Jonah Goldberg posted an article at the New York Post yesterday about the riots on the Penn State campus when the firing of football coach Joe Paterno was announced.

Mr. Goldberg observes:

You have to wonder what’s wrong with our society when someone can say, “Of course we’re going to riot,” but not over the coverup of pedophiliac rape. Rather, students feel it is their obvious right, perhaps even duty, to throw violent temper tantrums when a multimillionaire football coach is fired, simply because the coach is part of their “college experience.”

If the students actually knew why Coach Paterno was fired, where in the world was their compassion for the victims of Coach Sandusky? What in the world are our children learning in college?

Mr. Goldberg concludes:

Most of the time, I find campus protest culture to be shallow and predictable. But I would have cheered it this time around, if only someone rioted for the alleged victims of Jerry Sandusky.
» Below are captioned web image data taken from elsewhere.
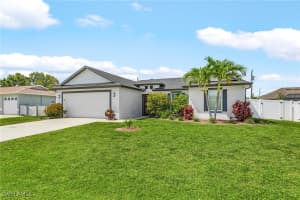 629 Sw 29th St, Cape Coral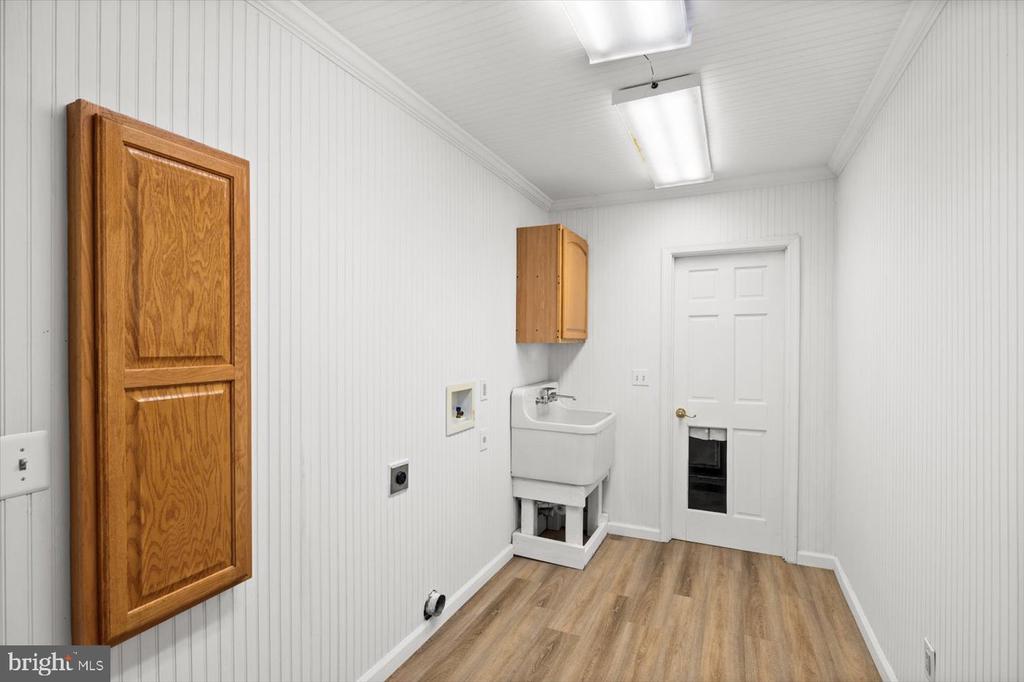 12905 SPOTSWOOD FURNACE RD, FREDERICKSBURG, Virginia 22407, 3 Bedrooms Bedrooms, ,2 BathroomsBathrooms,Residential,12905 SPOTSWOOD FURNACE RD,VASP2036848 MLS # VASP2036848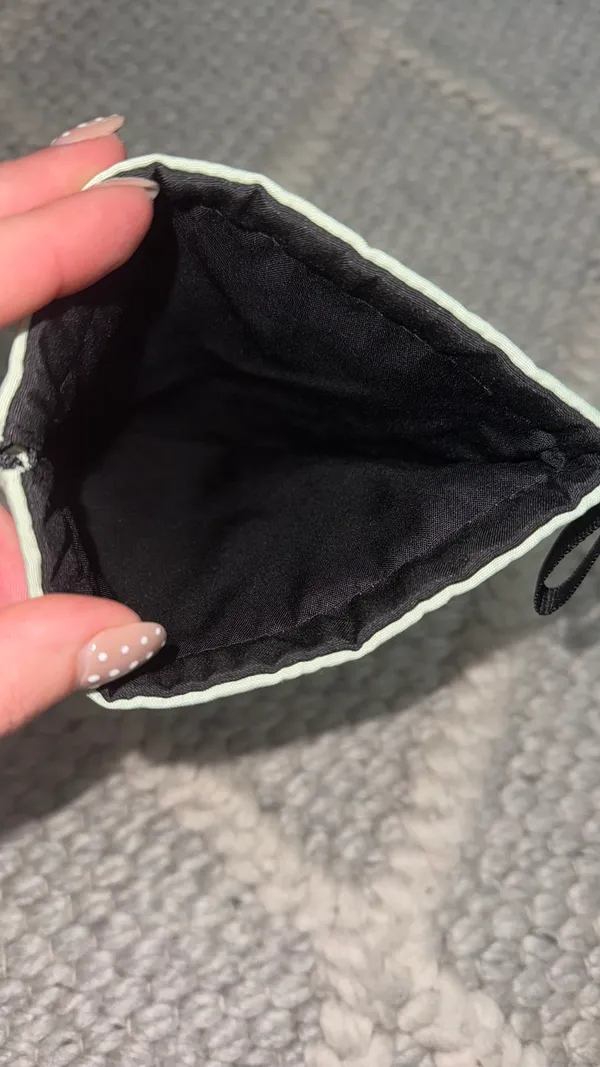 prada pouch - Image 3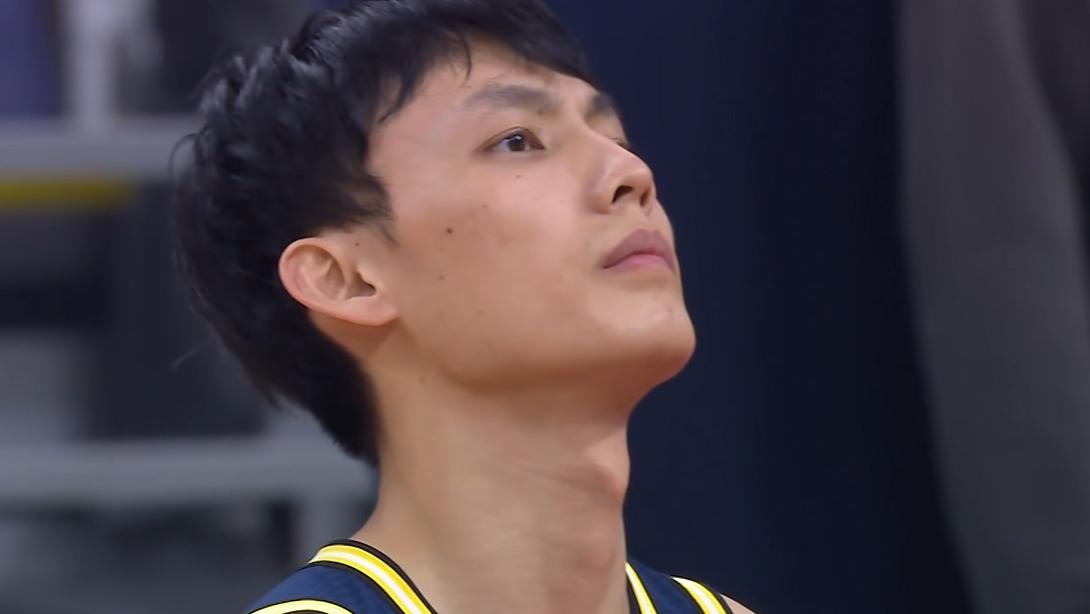 杜锋终于不作妖！9人轮换用活徐杰胡队复仇江苏，5人表现满分张皓嘉开窍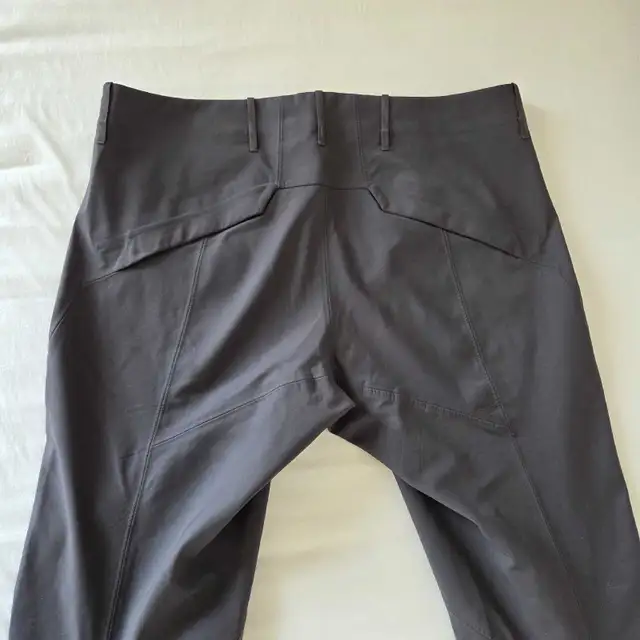 Arc'teryx Veilance Indisce MX Pant Men's in Men's in Markham / York Region - Image 4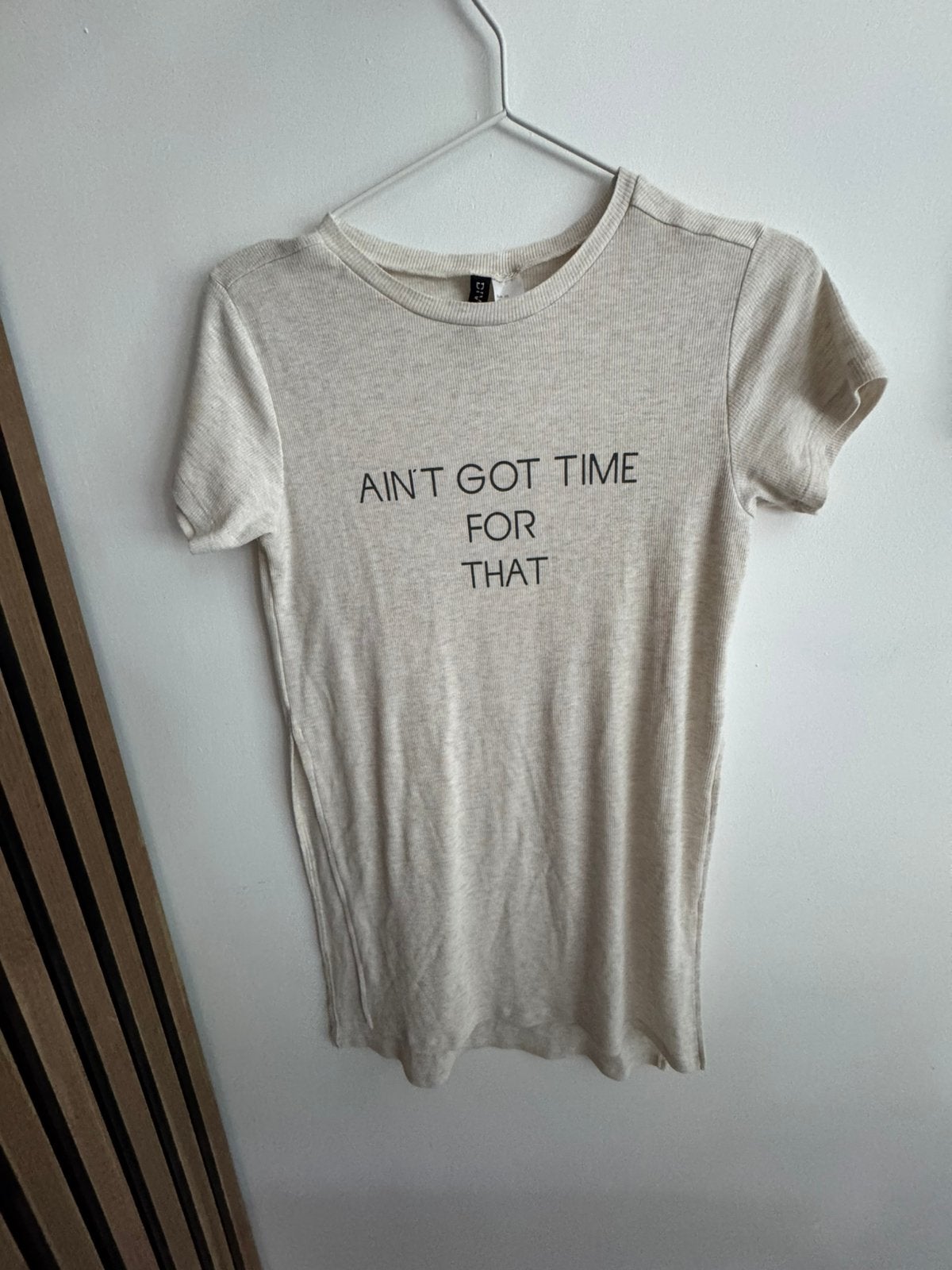 Lang t-shirt. Open aan de zijkant., Ophalen, Wit, Korte mouw, Maat 34 (XS) of kleiner
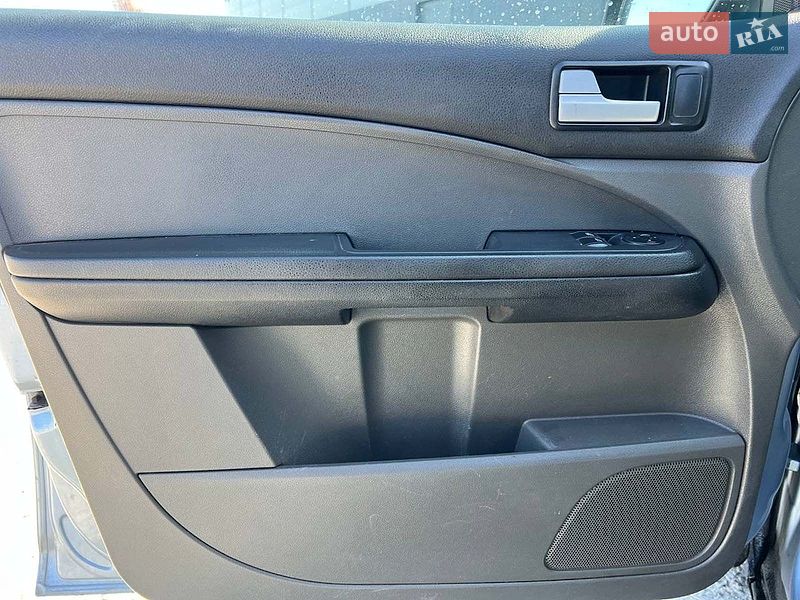 Мінівен Ford C-Max 2006 в Львові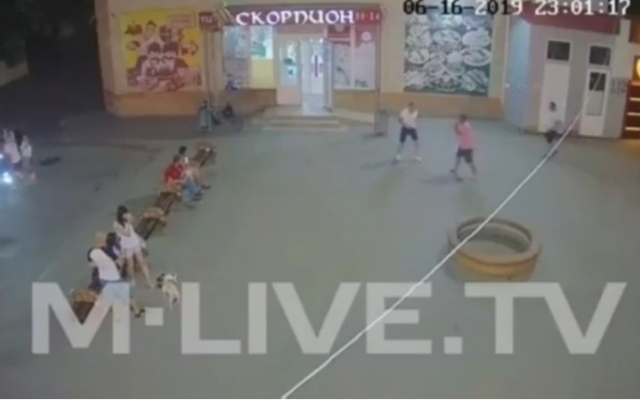 В Запорожской области перед камерами избивали парня (ВИДЕО) Фото № 0 В Запорожской области перед камерами избивали парня (ВИДЕО) Фото № 0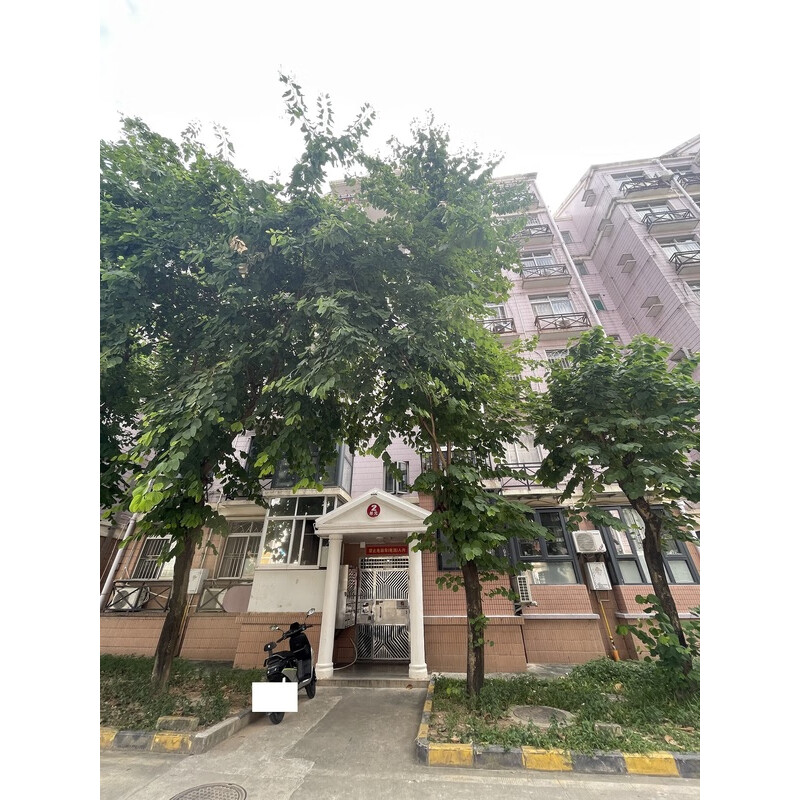 龙岗区布吉镇凤尾坑百合山庄15栋（百馨苑）705房产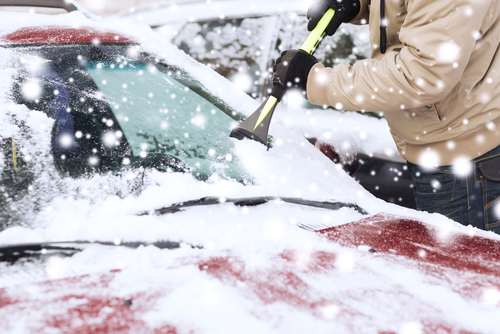 Der Winter ist auf Vormarsch – welches Werkzeug sollte man unbedingt im Kofferraum parat haben?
I linked to the Grand Jury testimony in a previous article (rightwinggranny). It is difficult to read the testimony. Coach Sandusky was caught in the act of raping a child and everyone in charge looked the other way–oh, wait, they didn’t look the other way–they told him he could no longer bring children into the athletic facility. Coach Sandusky’s activities continued for another ten years. There are some serious legal issues here–authorities of the school were required to report the incident to the police when it occurred–no one seems to have done that. Because the school was aware of the incident, I would think that children (now young adults) who were molested after the incident that was discovered could very easily sue to school. I hope they do. I won’t bring healing, but it might teach people in charge to fulfill their legal reporting obligations.